= TASK PROMPT =
Pictures do not belong in your copy. Repeat all the other data exactly.

= COLLECTED MATERIAL =
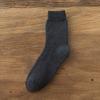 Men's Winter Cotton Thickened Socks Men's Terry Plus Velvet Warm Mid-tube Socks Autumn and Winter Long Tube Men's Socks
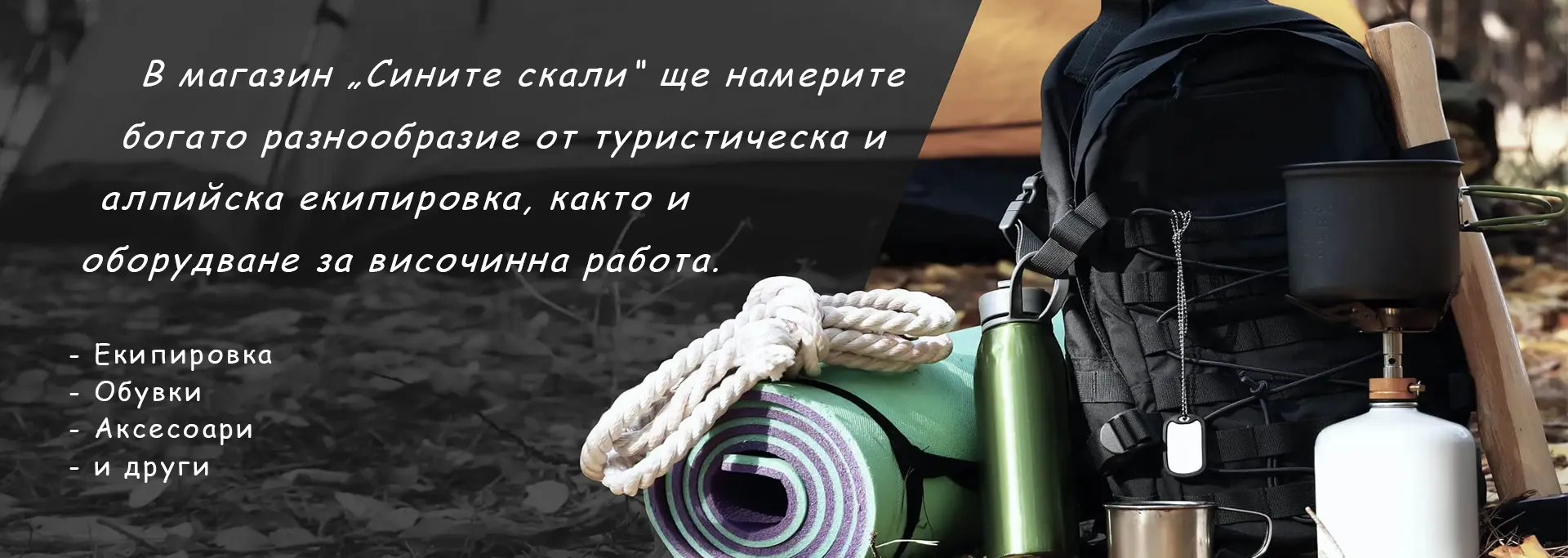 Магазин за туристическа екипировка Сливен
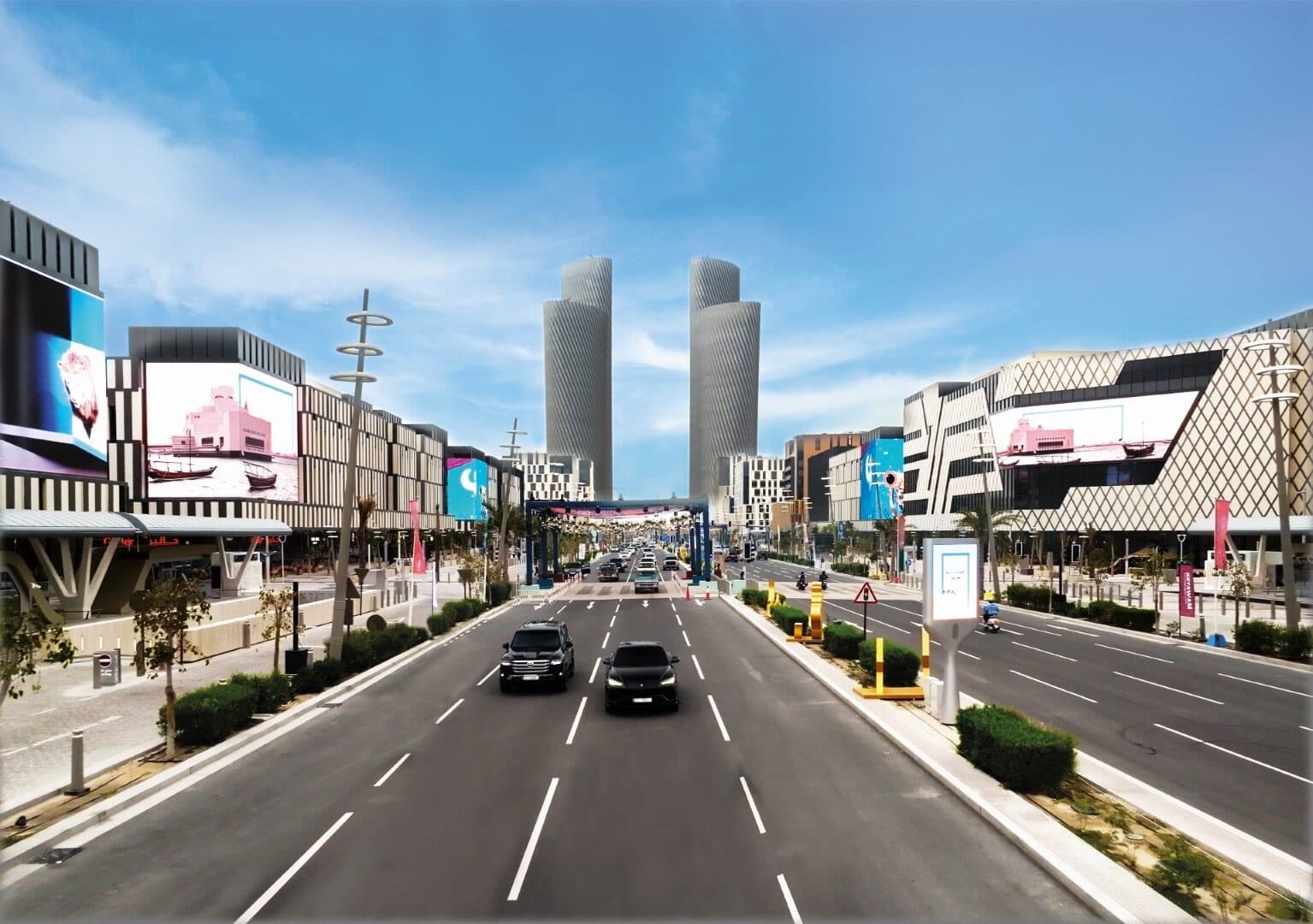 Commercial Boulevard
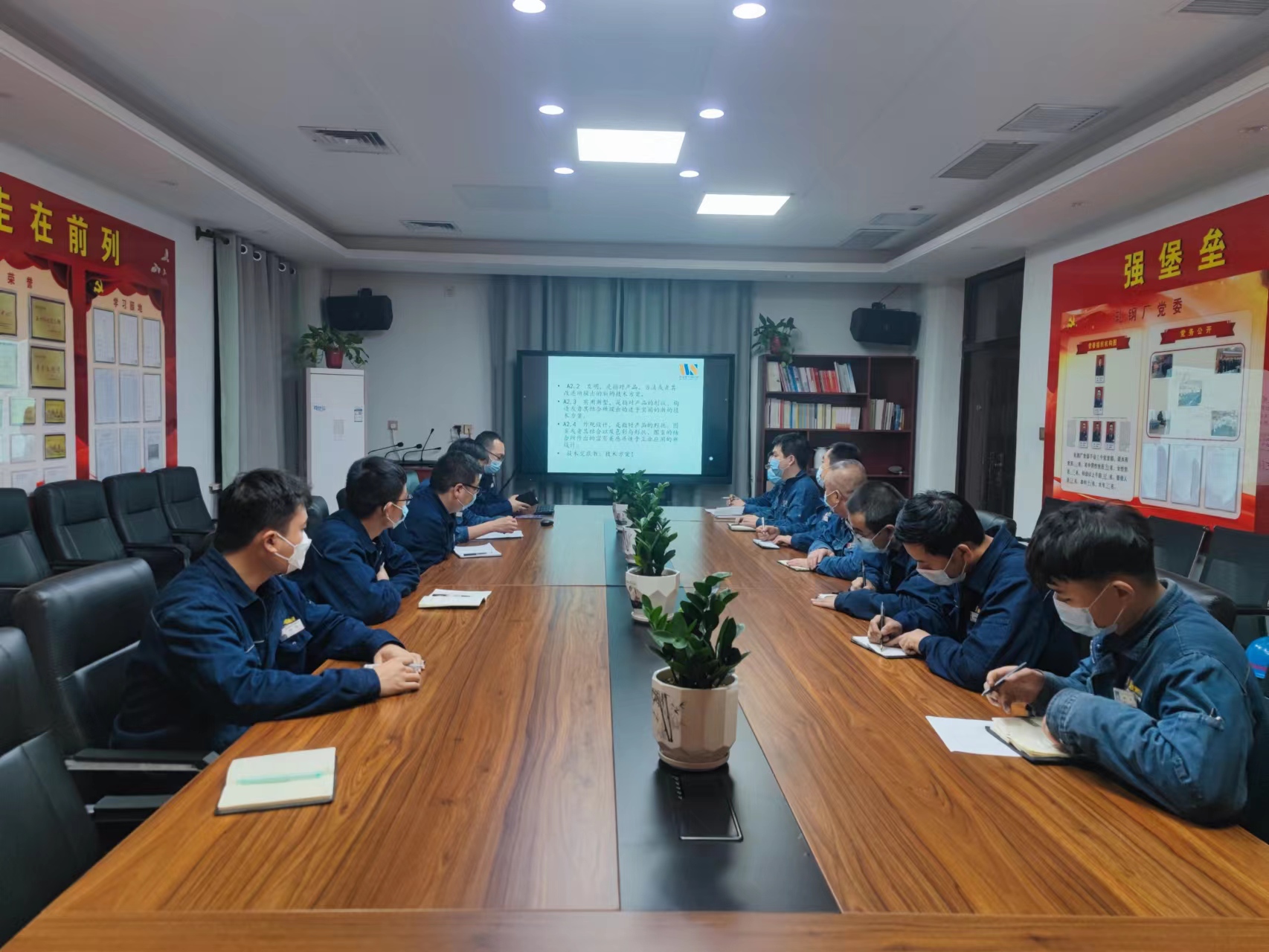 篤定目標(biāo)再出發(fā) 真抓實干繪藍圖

= WRITTEN RESPONSE =
 Men's Winter Cotton Thickened Socks Men's Terry Plus Velvet Warm Mid-tube Socks Autumn and Winter Long Tube Men's Socks
 Магазин за туристическа екипировка Сливен
 Commercial Boulevard
 篤定目標(biāo)再出發(fā) 真抓實干繪藍圖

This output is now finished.